Furthermore, the accident affected Robin’s personal life. Prior to the collision, Robin engaged in gymnastics and bike riding. Due to her back injury, she is no longer able to engage in these activities.

Defendant next contends that the trial court erred when it precluded defense counsel from addressing the issue of proximate cause in his closing statement. During the instruction conference, plaintiffs’ counsel tendered and the trial court agreed to submit to the jury an instruction that each plaintiff has the burden of proving that the willful and wanton conduct of the defendant was a proximate cause of the injury to the plaintiffs. Defendant contends that when defense counsel attempted to address this precise issue in his closing argument, plaintiffs’ counsel objected and the court sustained the objection. A review of the record indicates that the objection was properly sustained in light of the fact that defendant was misstating the case. What defendant stated in closing argument was that “since its really the second impact that they are claiming is the willful and wanton part of their case, you have to consider [whether] the second impact was the cause of the injury.” Essentially, defendant was asserting that count II of the complaint, alleging willful and wanton misconduct, was based solely on the fact that after the initial impact between the two vehicles, Hummel hit plaintiffs’ car a second time while attempting to leave the scene of the accident. At issue was not whether defendant’s willful and wanton misconduct in causing the second collision was the sole proximate cause of the plaintiffs’ injury, but whether defendant’s course of conduct in twice colliding with plaintiffs’ vehicle and then *312leaving the scene was a proximate cause of the occurrence which gave rise to plaintiffs’ injury. Thus, the trial court properly sustained the objection since aspects of defendant’s conduct other than the second impact gave rise to the plaintiffs’ injury.

Lastly, it should be noted that plaintiffs, although defending the judgment on appeal, also allege error in the trial court. The plaintiffs are concerned with the trial courts’ decision to bar evidence of defendant’s intoxication at the time of the accident. Plaintiffs request that in the event that this case is remanded, the court issue an order finding that the evidence of defendant’s intoxication was improperly barred.

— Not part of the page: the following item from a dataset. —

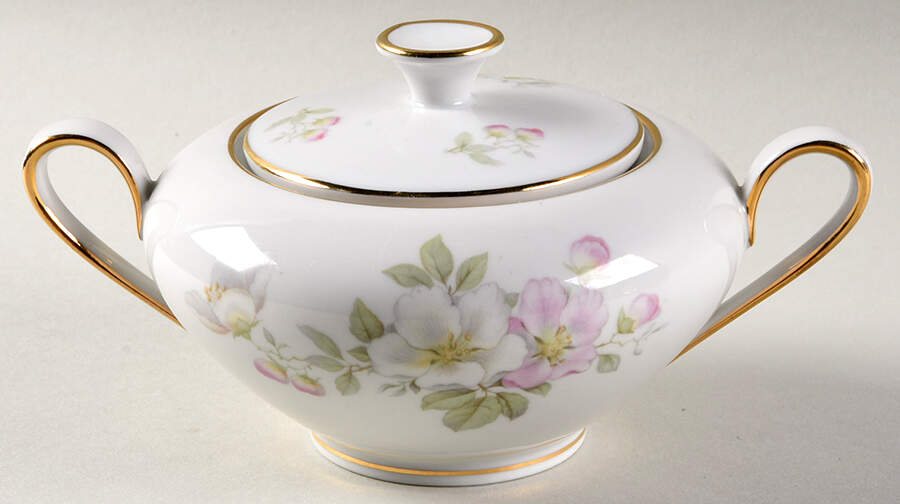 Apple Blossom (White Background) Sugar Bowl & Lid by Tirschenreuth-1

Plaintiffs are not, however, the proper party to raise the issue of an error in the trial court. A party cannot complain of error which does not prejudice it, and a party who obtains by judgment all that has been requested cannot appeal from that judgment. (In re East Lake Fork Special Drainage District (1985), 137 Ill. App. 3d 473, 484 N.E.2d 507.) Furthermore, a party cannot avail himself of those parts of a judgment which are beneficial to him and afterward appeal seeking to reverse the parts of the judgment unfavorable to him. (Schroeder v. Meier-Templeton Associates, Inc. (1984), 130 Ill. App. 3d 554, 474 N.E.2d 744.) Accordingly, we need not address whether the trial court erred in barring evidence of defendant’s intoxication since the the only issues properly before the court are those raised by defendant, since he is the only party with a right to appeal in this case.

Accordingly, for the reasons stated above, we reverse the award of punitive damages and affirm the award of compensatory damages.

Affirmed in part and reversed in part.

LORENZ, P.J., and GORDON, J., concur.